Strategies for Being a Platform Leader

October 29, 2007

By Annabelle Gawer and Michael A. Cusumano

In recent years, many high-tech sectors have become battlegrounds for companies bent on establishing their product as the next industry platform. Whether it’s a smart phone or a videogame console, products that become platforms dominate sales in their niches, give rise to numerous complementary products from third-party developers, and reap enormous profits.

Too many companies, though, wind up losers in platform wars because they were too protective of their technology or intellectual property, or failed to recognize the platform potential of their products. Apple Inc.’s Macintosh computer and Sony Corp.’s Betamax video recorder were excellent products that could have become industry platforms. Apple recently realized that it may miss a major platform opportunity with its iPhone by limiting its use to selected carriers and preventing third-parties from adding new applications. It has decided to reverse the latter policy.

To have platform potential, a product, technology or service must:

  • Perform at least one essential function in a product or combination of products that execute an increasing variety of tasks — the way PCs have become an integral part of Web browsing, gaming, telephony and other activities — or solve an essential technological problem for many players in an industry.
  • Be easy to connect to or build upon, allowing the system to be expanded to new and even unintended uses.
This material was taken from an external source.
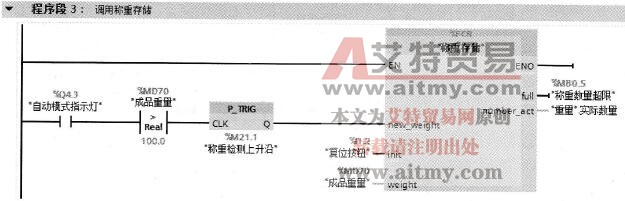“模拟量处理”子程序FC6(添加) “模拟量处理”子程序FC6(添加)
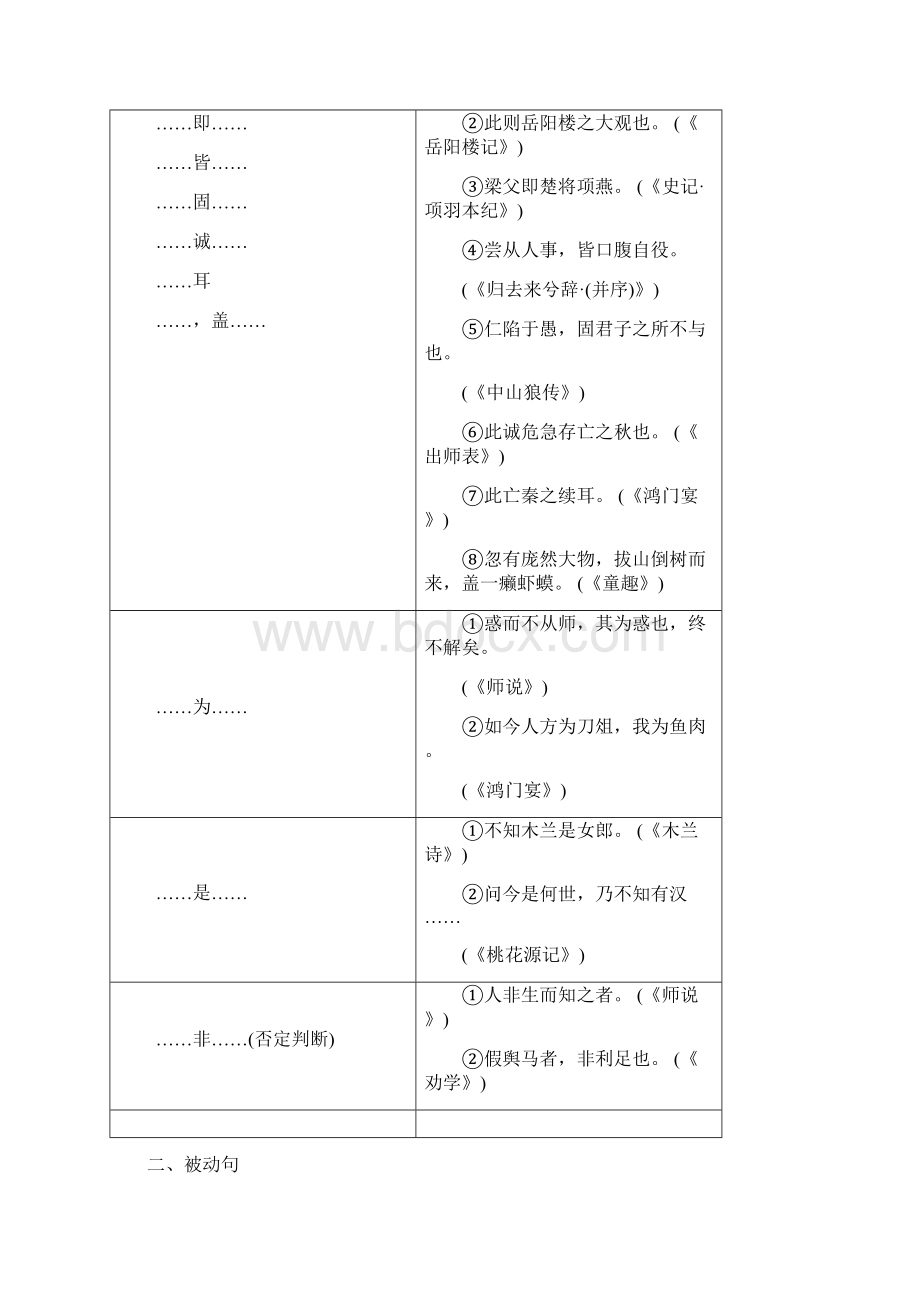 高三语文江苏专用一轮复习定时规范训练214知识清单 理解与现代汉语不同的句式 含答案.docx_第2页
Then a business strategy is required that enables a company to make its technology or service fundamental to an emerging platform and helps the market tip toward that platform. The company must create economic incentives that encourage other firms to develop complementary applications for the platform, and at the same time protect its own ability to profit from its innovations. This balancing act is perhaps the greatest challenge to platform leadership.

Google’s Success

Google Inc. is a prime example of a successful platform builder and leader. First, it solved an essential technical problem: how to find anything in the maze of Web sites, documents and other content online. Second, it distributed its technology to Web-site developers and users, making it easy to connect to and develop upon. It also allowed for different uses, such as combining search with different kinds of information or graphics, like maps and pictures.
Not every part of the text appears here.